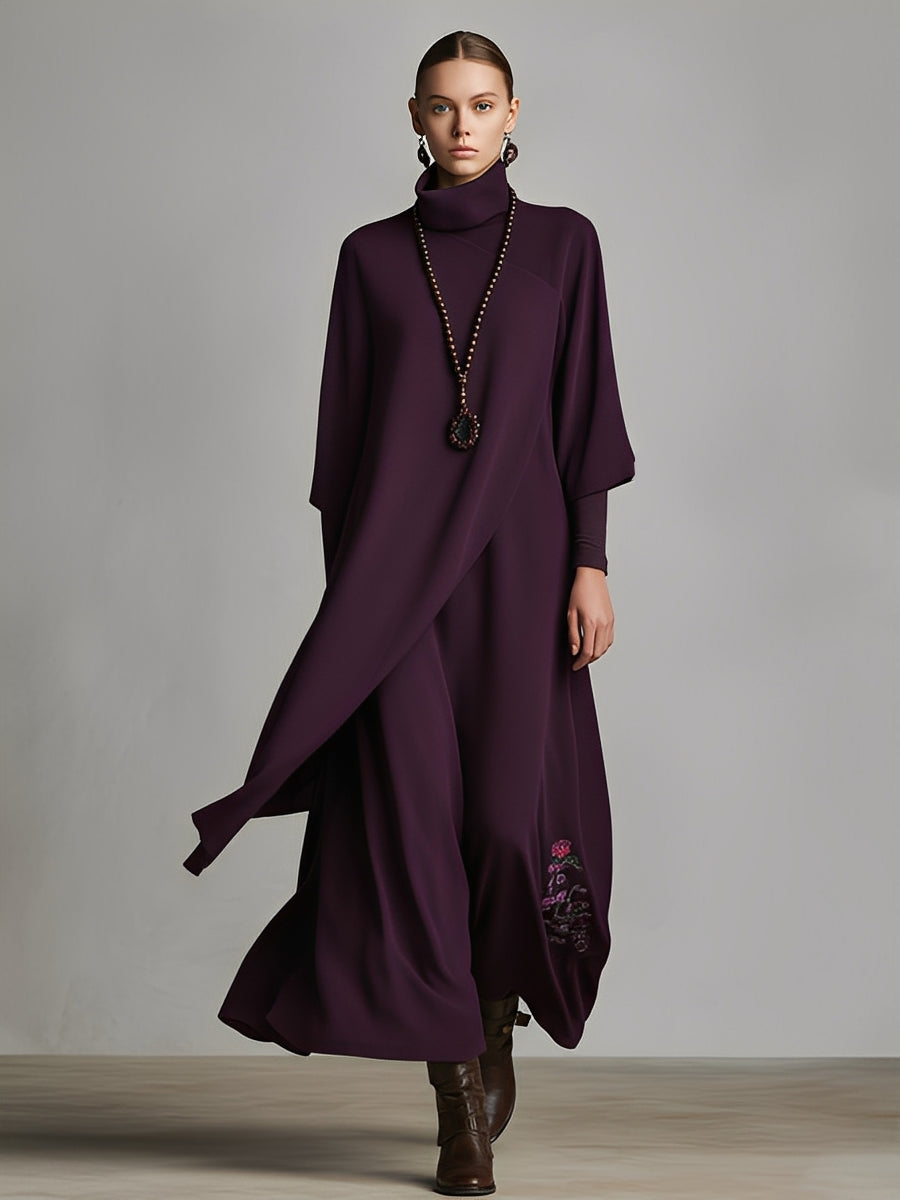 Anna-Berg | Red Cotton Turtleneck Evening Dress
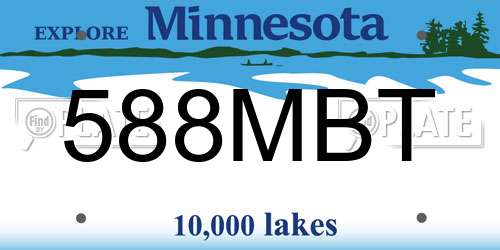588MBT Minnesota License Plate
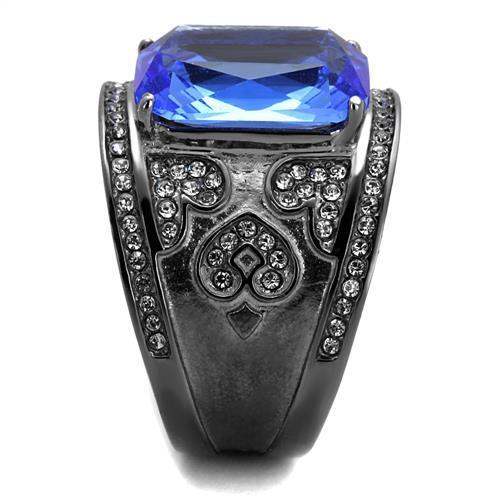 TK2607 - IP Light Black (IP Gun) Stainless Steel Ring with Top Grade Crystal in Sapphire - Alamode - Flyclothing LLC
+-------+
What is being asked:
The data above must be copied exactly. Leave out the pictures.

Answer for this exercise:
 Anna-Berg | Red Cotton Turtleneck Evening Dress
588MBT Minnesota License Plate
 TK2607 - IP Light Black (IP Gun) Stainless Steel Ring with Top Grade Crystal in Sapphire - Alamode - Flyclothing LLC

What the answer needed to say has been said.